+++ Given data +++

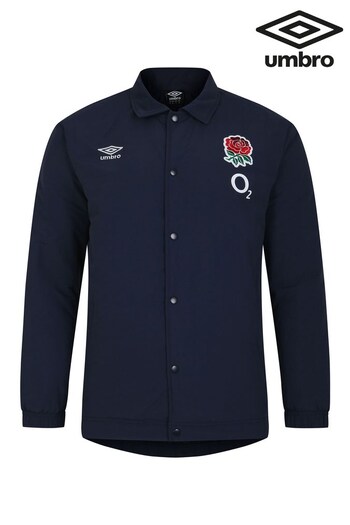 Umbro Blue England Coach Jacket (Q56395) | £90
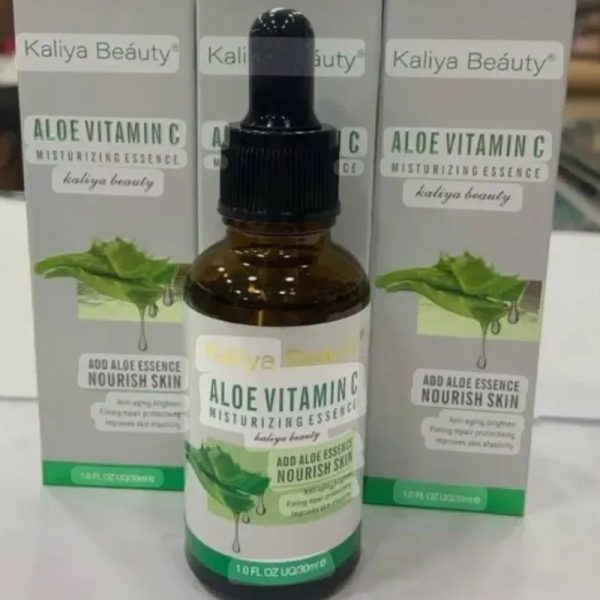 Sérum facial de Aloe vera y Vitamina C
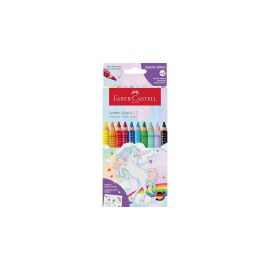 Buntstift Jumbo Grip Einhorn 8+2 Karton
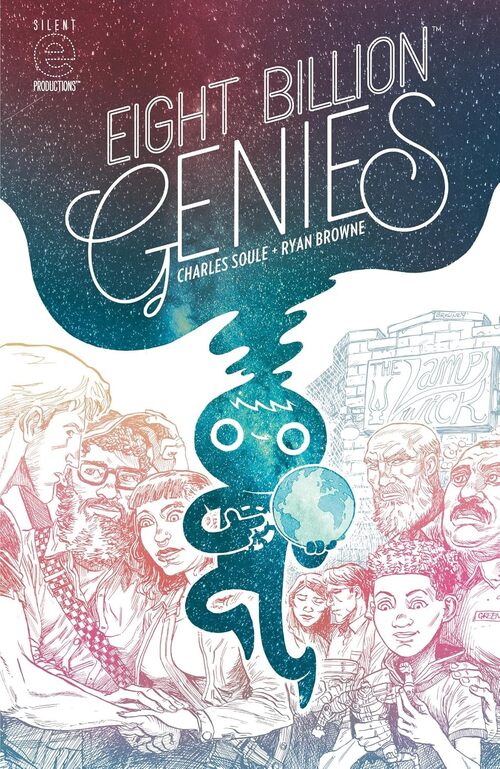Eight Billion Genies by Charles Soule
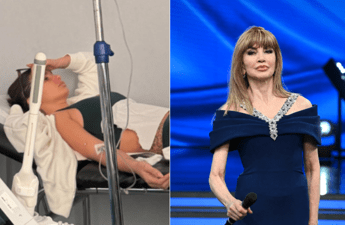 Elettra Lamborghini in ospedale, salta Canzonissima. Carlucci: “Momento di difficoltà”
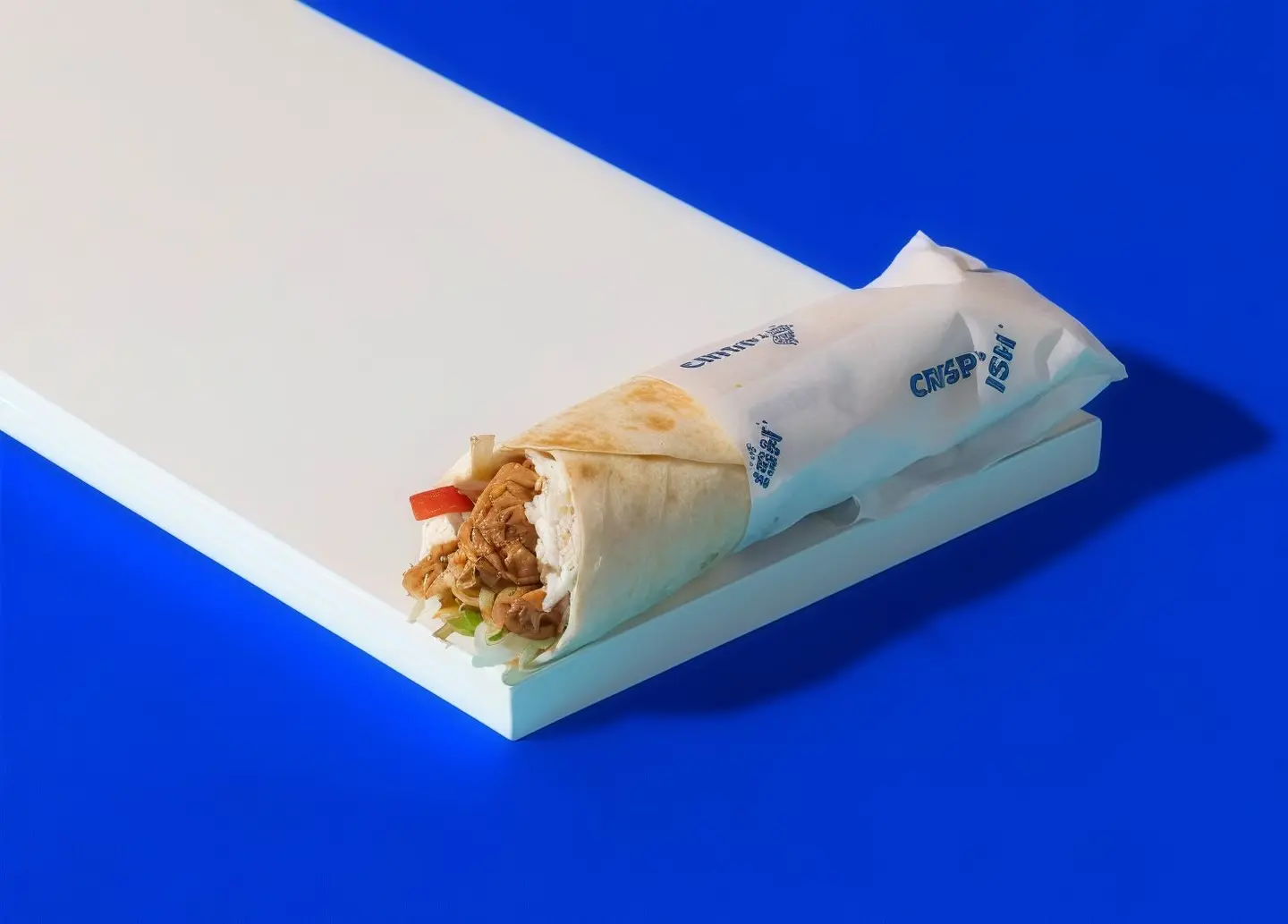 Maple Chicken Wrap Tortilla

+++

_Task_
Without the pictures, retype exactly the lines from the one that holds "Elettra Lamborghini in" to the last line of the data above, both of them included.

_Response to this task_
 Elettra Lamborghini in ospedale, salta Canzonissima. Carlucci: “Momento di difficoltà”
 Maple Chicken Wrap Tortilla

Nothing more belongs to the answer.